Work instruction
Set down every line from the one with "MOZZO CPL 30STE." to the end of the entries, both ends included, exactly as it reads and without pictures.

(Web page caption snippets)
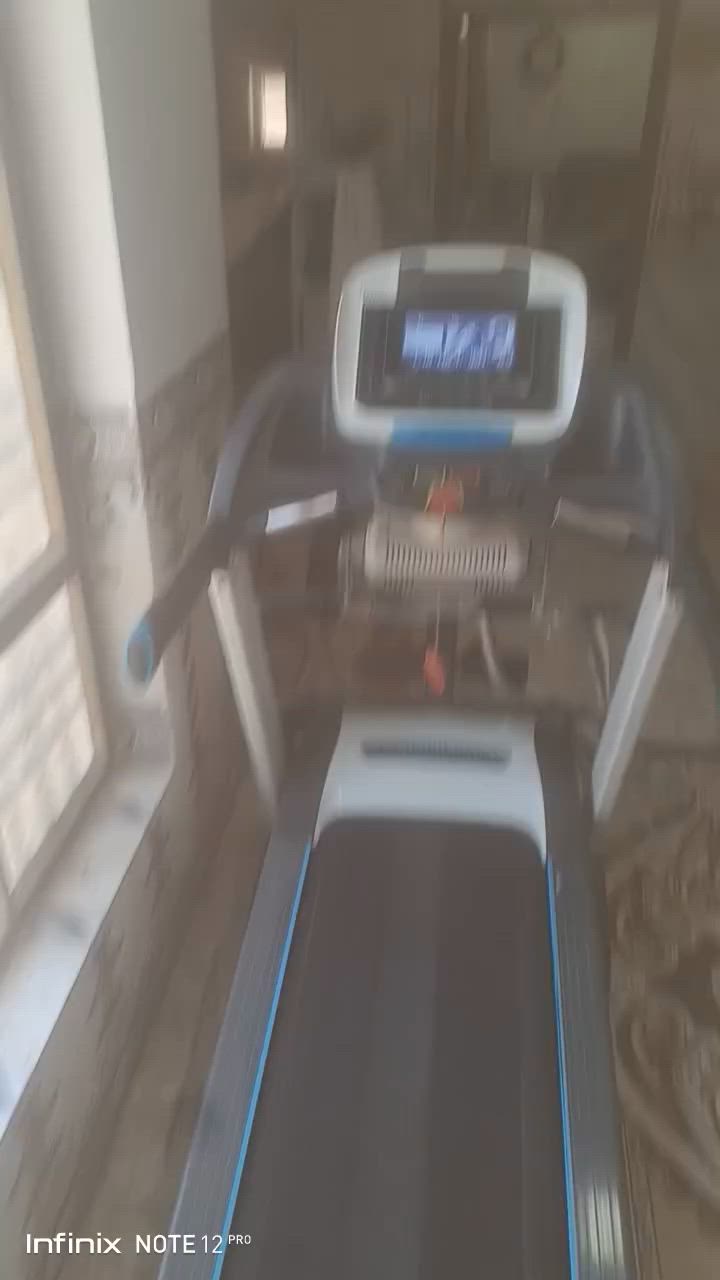 السلام عليكم جهاز جري جبلي نضيف مستخدم شي قليل البيع السعر خاص


**إذا كنت صاحب هذا الإعلان وتريد حذفه لأي سبب، رجاءا أرسل رسالة إلى الدعم الفني**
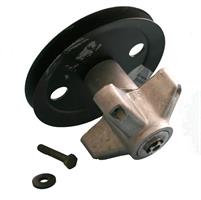 MOZZO CPL 30STE.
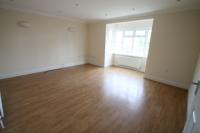 Detached House, 4 bedrooms, Freehold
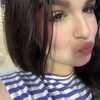  ,  , 18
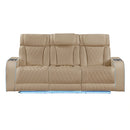 Electra Sofa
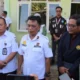 Bukan Sekadar Tanam Pohon, Mahasiswa UNEJ Sulap Potensi Kopi dan Alpukat Tanahwulan Jadi Mesin Ekonomi Desa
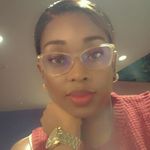 Reneé Hooper - @reneehooper1007 - Instagram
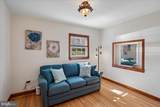 766 Cypress Road - Photo 39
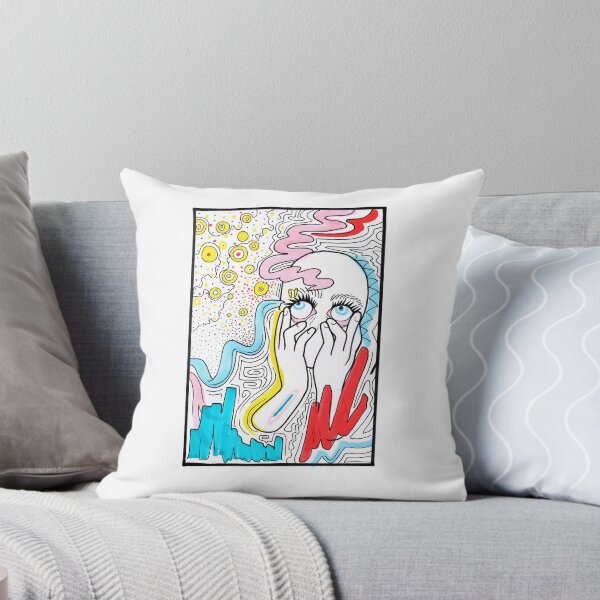 Item preview, Current Mood designed and sold by Sarah Trumbull.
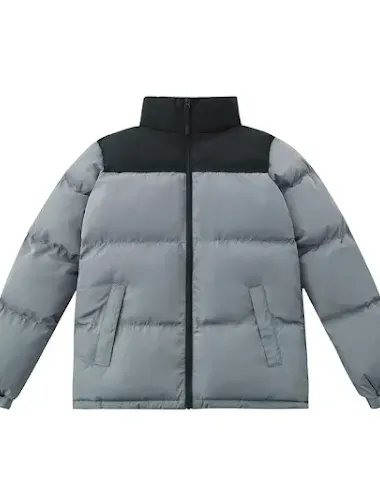 Image product - 0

Your response
 MOZZO CPL 30STE.
 Detached House, 4 bedrooms, Freehold
  ,  , 18
 Electra Sofa
 Bukan Sekadar Tanam Pohon, Mahasiswa UNEJ Sulap Potensi Kopi dan Alpukat Tanahwulan Jadi Mesin Ekonomi Desa
 Reneé Hooper - @reneehooper1007 - Instagram
 766 Cypress Road - Photo 39
 Item preview, Current Mood designed and sold by Sarah Trumbull.
 Image product - 0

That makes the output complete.